J.T. Rogers’ Oslo takes to the screen
A timely story of the 1993 peace negotiations between Israel and Palestine
The Norwegian American
In the early months of 1993, delegates from Palestine Liberation Organization (PLO) and the Israeli government met secretly in Norway to negotiate peace after nearly 50 years of conflict. These secret negotiations eventually led to the Oslo Accords, the first of which was signed in Washington, D.C., in September 1993, the second in Egypt in September 1995.
Oslo, a new film from HBO, tells the story behind this secret peace process. Written by J.T. Rogers and based on his Tony award-winning play by the same name, the film follows the Norwegian couple who worked behind the scenes to help organize these negotiations: Mona Juul (played by English actress Ruth Wilson), a Norwegian foreign minister, and her husband Terje Rød-Larsen (played by Irish actor Andrew Scott), a sociologist and director of the Fafo Institute. Oslo premiered on May 29, 2021, just weeks after a violence flared up between Palestine and Israel once again.

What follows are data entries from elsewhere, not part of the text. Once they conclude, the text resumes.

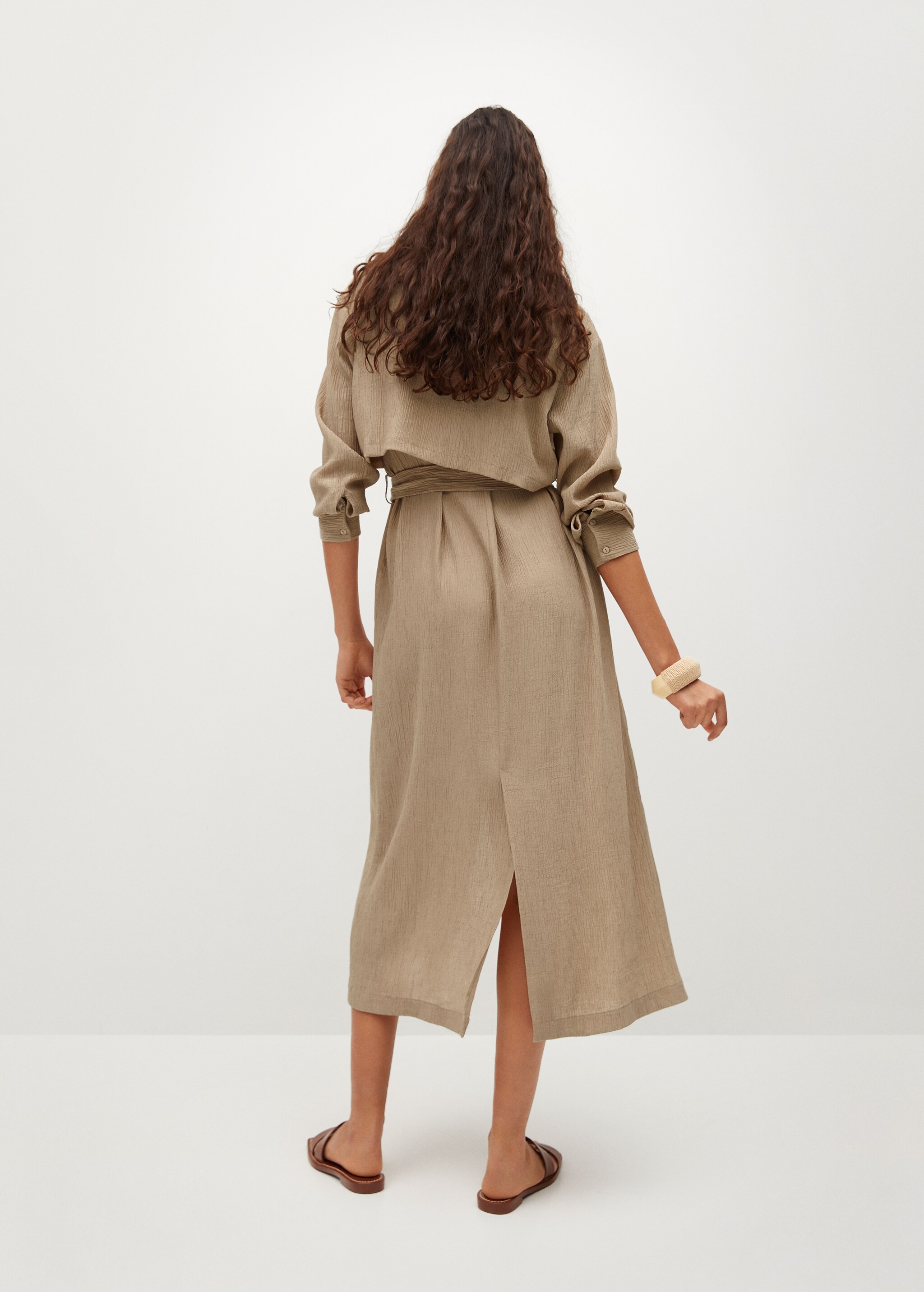 Vestido camisero textura - Reverso del artículo
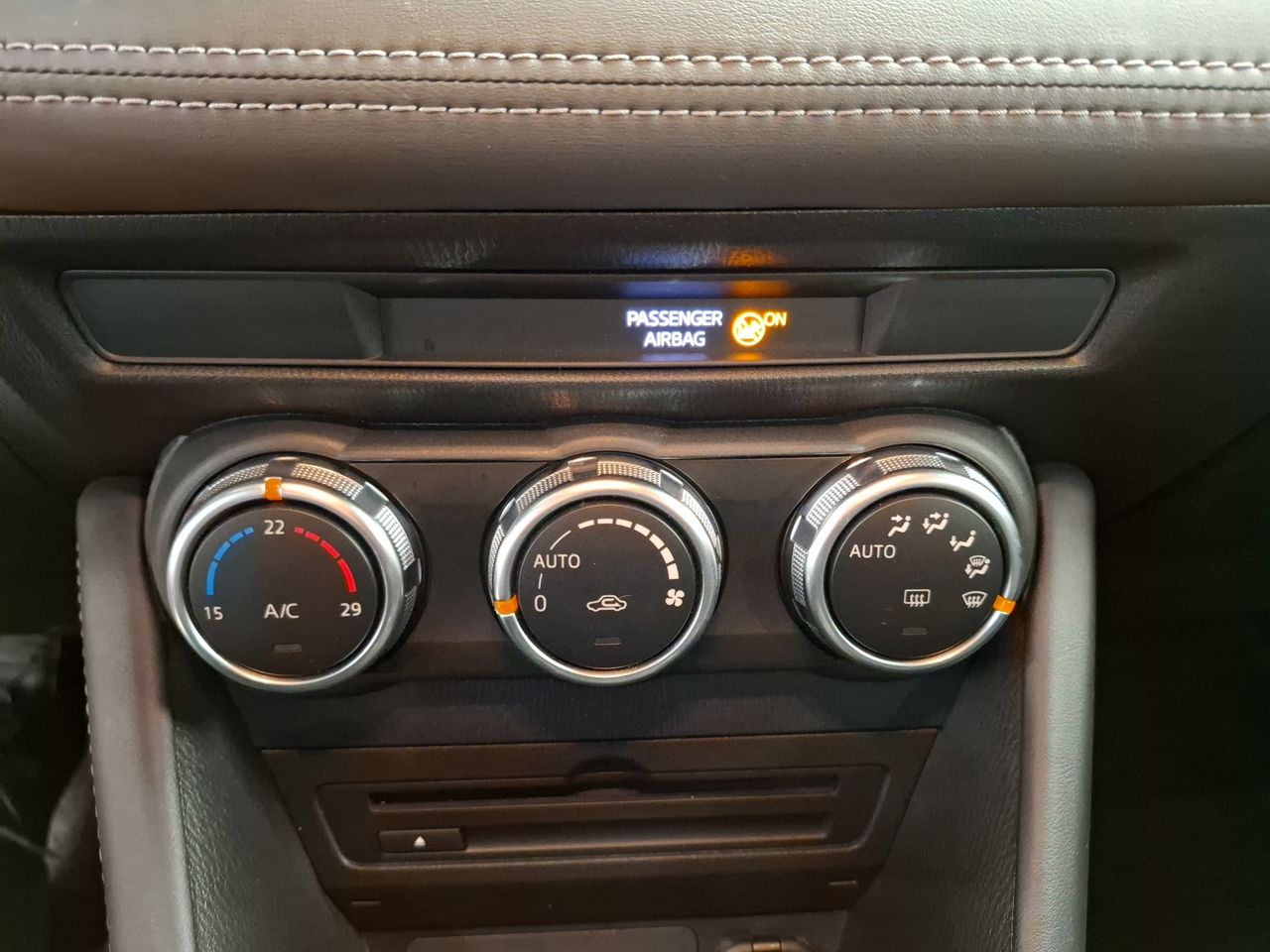 Foto Mazda CX-3 22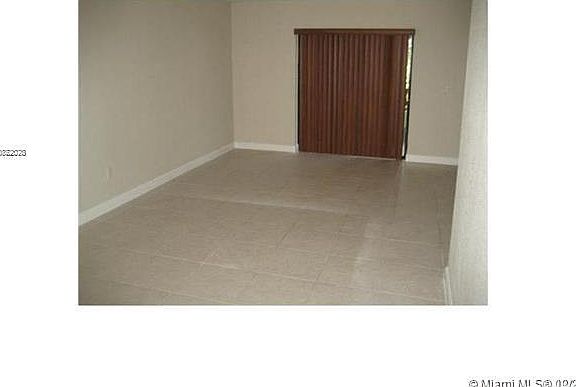 5th image of 911 NE 209th Ter #104-27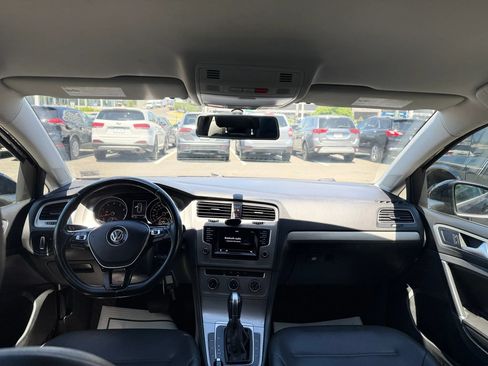 Used 2015 Volkswagen Golf S FWD image 11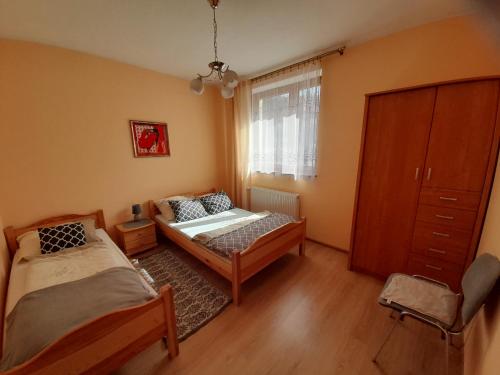 a bedroom with two beds and a window at Pokoje u Pana Władka in Karpacz
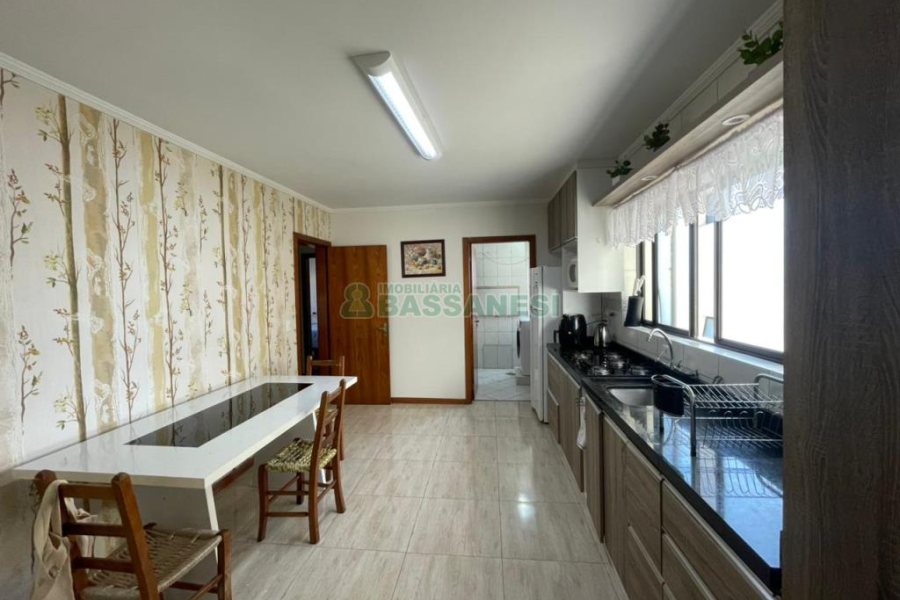 Apartamento com 115m², 3 dormitórios, 1 vaga, no bairro Marechal Floriano em Caxias do Sul para Comprar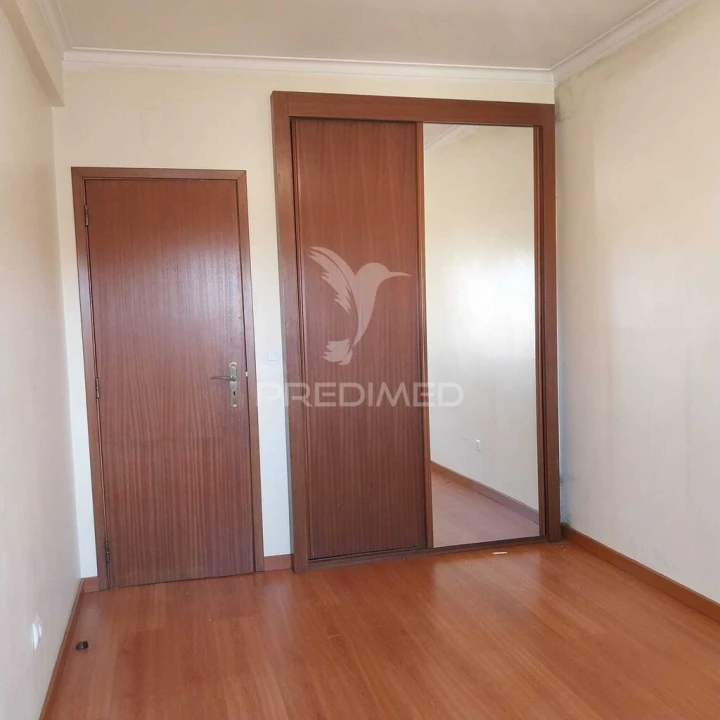 Apartamento T2 para Venda em Queluz e Belas Foto 15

After a short montage of clips of violence and protest from the conflict interspersed with images of Mona walking through a rubble-covered street in Jerusalem, the film opens in December 1992. Juul is in Oslo and Rød-Larsen in Jerusalem, and together they are working to set up a meeting between representatives from Israel and from the PLO.
They believe that when a person meets their enemy face to face and sees the humanity in them, the possibilities of negotiating grow substantially. (It is worth noting that at this point, it was illegal for an Israeli official to speak to a member of the PLO.) Juul and Rød-Larsen successfully get Ahmed Qurie, the finance minister of the PLO, and Yair Hirschfeld, an Israeli professor of economics, to meet, forming the initial relationship that the negotiating teams were built on.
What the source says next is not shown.